Volvía
con los libros bajo el brazo de un tórrido día de agosto de los de antaño, de
botijo de barro y albañiles a la intemperie con su pañuelo
blanco a modo de casquete por todo cobijo del astro sol.
Había
sido una mañana agotadora de estudio; no sólo por la aridez de los temas en los
que había estado trabajando, sino, sobre todo, por los nervios que, desde hacía
días, notaba que recorrían como culebrillas por todo mi ser; preámbulo de lo
que mi cabeza dictaba a mi conciencia y era que no me iba a dar tiempo no sólo
a repasar la signatura; sino que ni tan siquiera iba a poder "ver" una buena cantidad de los
capítulos del examen.
Y
el sol, implacable, caía a plomo sobre mi deshidratado cuerpo. Eran las cinco
de la tarde, hora taurina por excelencia y volvía al Colegio Mayor, pasado de
hora. Me refiero a la hora de todavía poder tomar algún alimento en la cocina;
ya cerrada a esas horas. Se me había hecho tardísimo.
Las
gotas de sudor se escapaban de mi cuerpo, abandonando un barco semi hundido por
la barruntada derrota académica y, cómo no, por el hambre acumulado tras tantas
horas de ayuno.
Recorría
una larga calle que separa el lugar en el que solía estudiar con la Plaza donde
se encuentra el Colegio Mayor y me
costaba distinguir , desde lejos, el fondo arbóreo y frondoso de la citada
plaza. Los rayos de calor de aquél sol tiránico reverberaban con tanta
virulencia desde el suelo que formaban
una fantasmagórica y danzarina neblina deformando el contorno del paisaje.
Y
casi al final de lo que para mí en ese
momento más se acercaba al camino de El Calvario, es decir de aquella calle
estrecha y angosta, se abrió , a mi izquierda , un salvador porche que recorría
unos cuantos metros de una acera cuya brea, pegajosa, ablandada por el
sol, se adosaba con inquina en mis
sandalias veraniegas, casi derritiéndolas.
Y
en él me refugié; con avaricia. Como el que tiene sed y se bebe de un trago el
agua del botijo sin importarle un pito el que viene detrás.
Di
unos pasos cerciorándome de que, al fin, mi cabeza no servía de diana de
aquellos lengüetazos solares abrasadores y cuando mi cuerpo se empezaba a
acostumbrar a cierta sensación de desahogo, una puerta de un local con un amplio ventanal a su izquierda recordó
a mi cerebro que tenía sed.
¡Sed!
¡Mucha, con ambición malsana!¡Mezquina!¡Insolidaria!. Casi pecaminosa.
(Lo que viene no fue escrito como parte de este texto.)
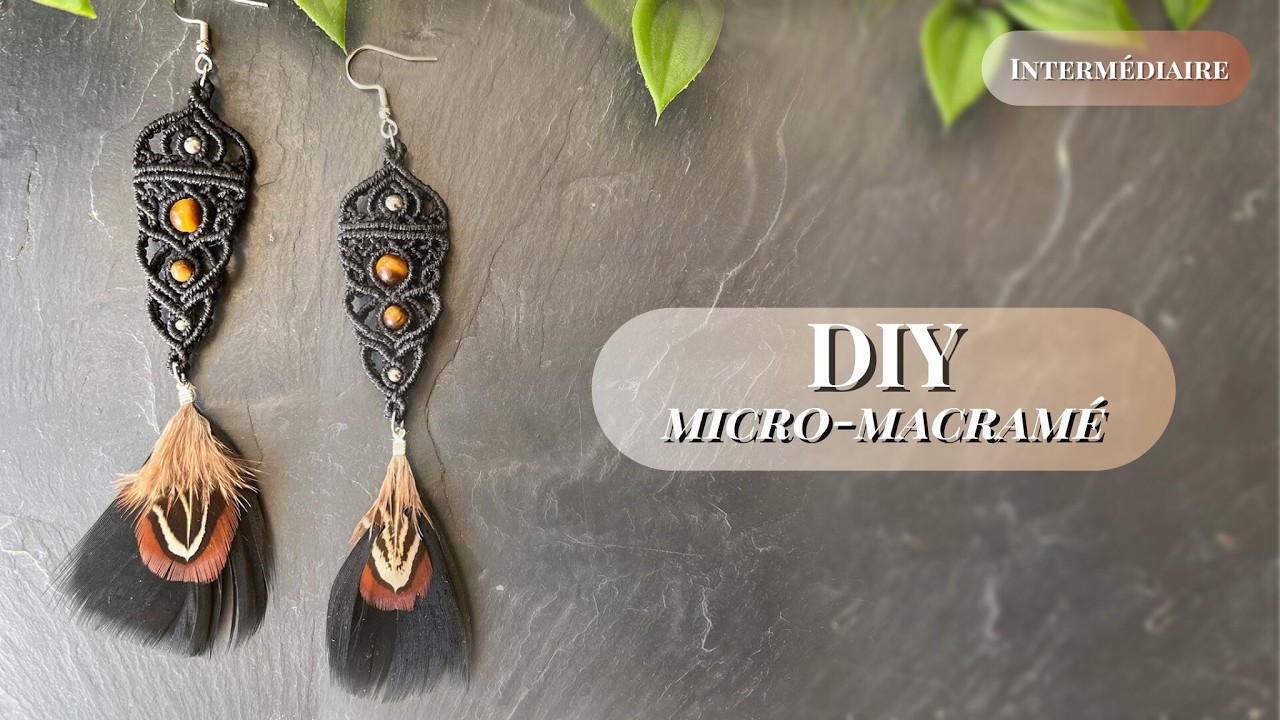 Boucles d’oreilles en micro-macramé avec œil de tigre 🪶 Style bohème #micromacrame #earringstutorial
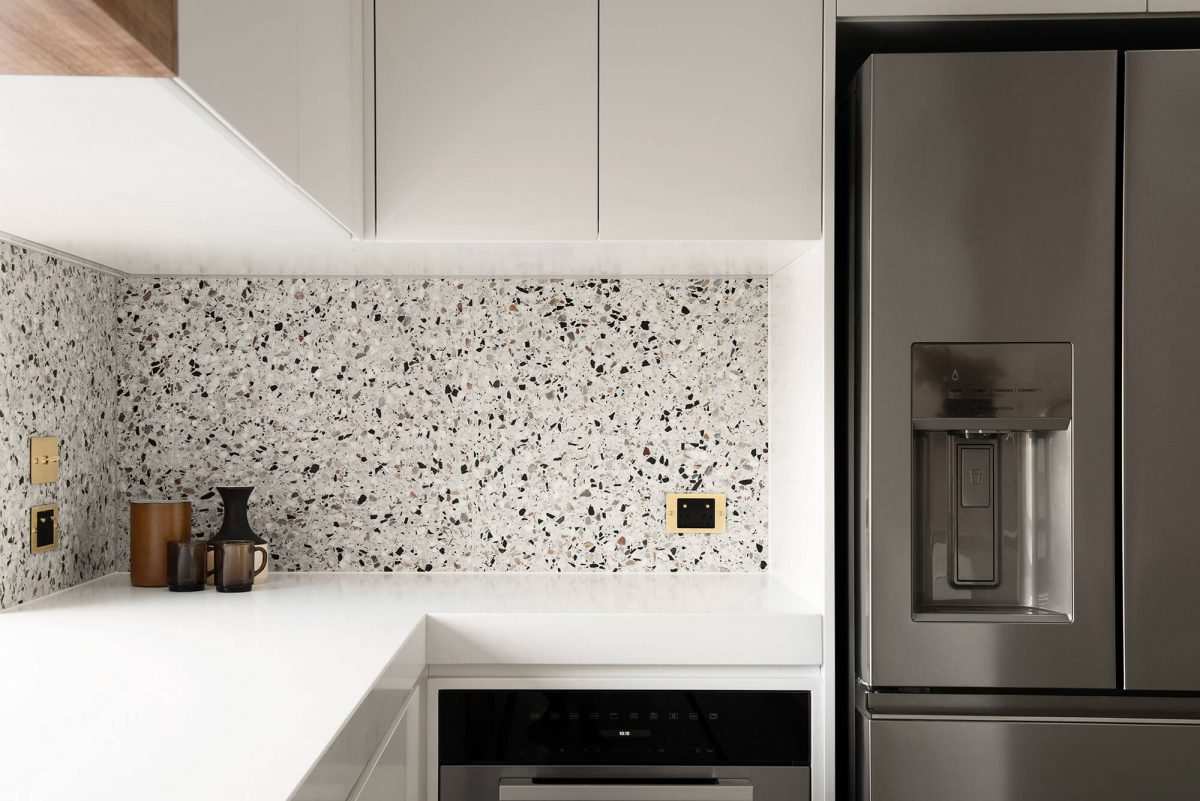 A custom designed kitchen featuring terrazzo. Designed and built by MJ Harris Group. #MJHxMasonSt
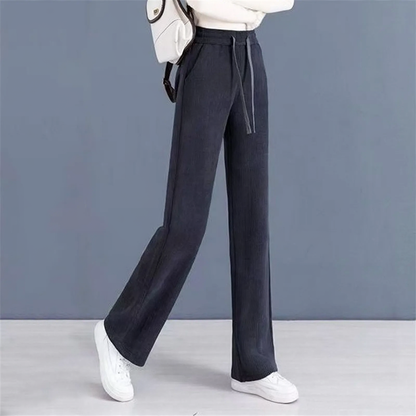 Women's corduroy pants, lined, straight cut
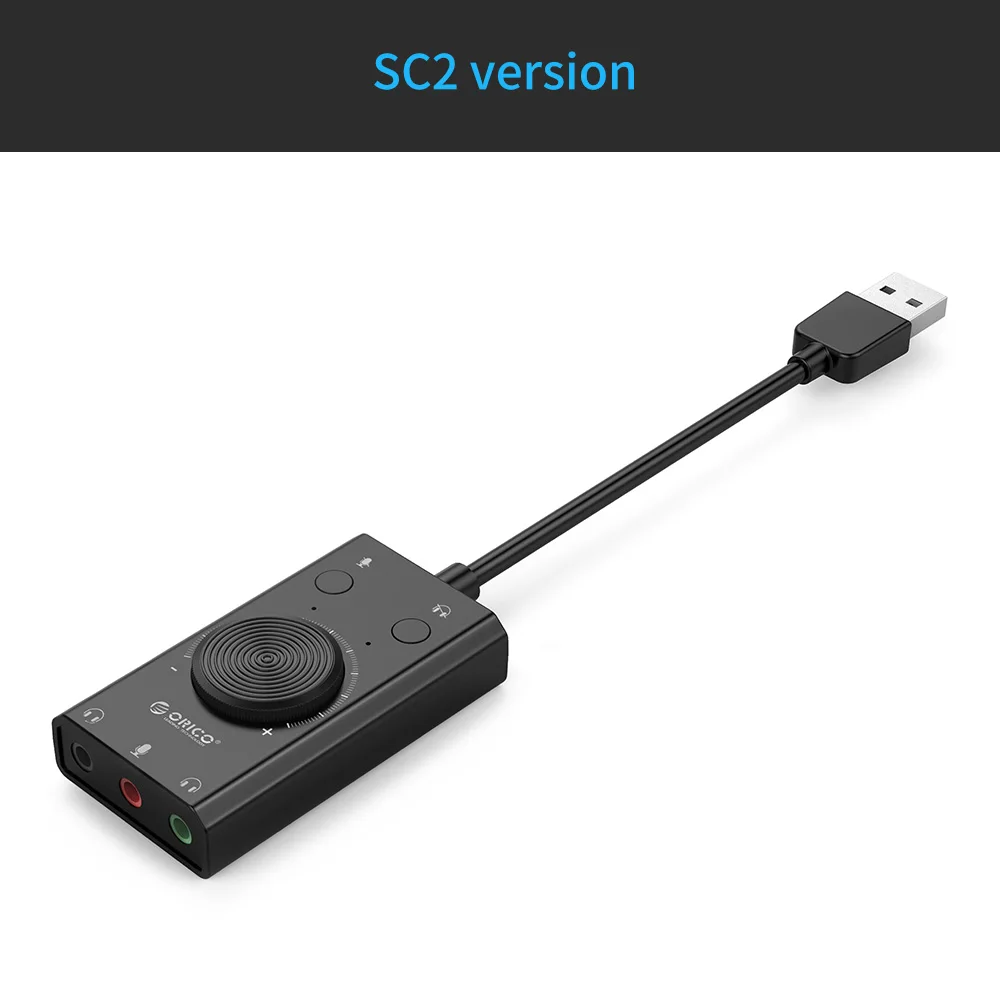 ORICO Портативный USB внешняя звуковая карта Микрофон Наушники типа «два-в-одном» с доставкой в течение 3-Порты и разъёмы Выход регулировки громкости для Windows/Mac OS/Linux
Y caí en
la tentación de mirar al interior del local...y me perdí.
Allí
estaba, esbelta, arrogante, sabiendo de su elegancia cristalina; bañado su
cuerpo en un vapor gélido, cual velo de una hurí sedoso y trasparente;
sugerente de los más libidinosos pensamientos. Plantada en medio del mostrador;
desafiante y me pareció que me ofrecía el mejor de sus guiños provocadores.
¡Sucumbí!
Entré como una exhalación; me senté frente a ella, acaricié su frío y esbelto
talle y todas mis pasiones reprimidas saltaron por el aire haciendo añicos años
de austeridad y de buena educación recibida de mis padres. La tomé al asalto,
pasionalmente. Sin decoro.
Me
la llevé a los labios y me derretí ante el deleite de aquél agua recorriendo mi
abrasada garganta ávida de líquido reparador. Fue de un sorbo. Dejé el dinero
en el mostrador y me alejé de él abochornado y sin querer volver la vista
atrás; huyendo de las miradas de los clientes y, de paso, de mi propia vergüenza. Llevaba en mi alma la sensación de haber
violado a una indefensa, o no tanto, valquiria del Valhalla.
Para el XVIII Certamen Literario de Relatos Cortos Café Compás. Asociación
Literaria y Cultural "Café Compás" de Valladolid.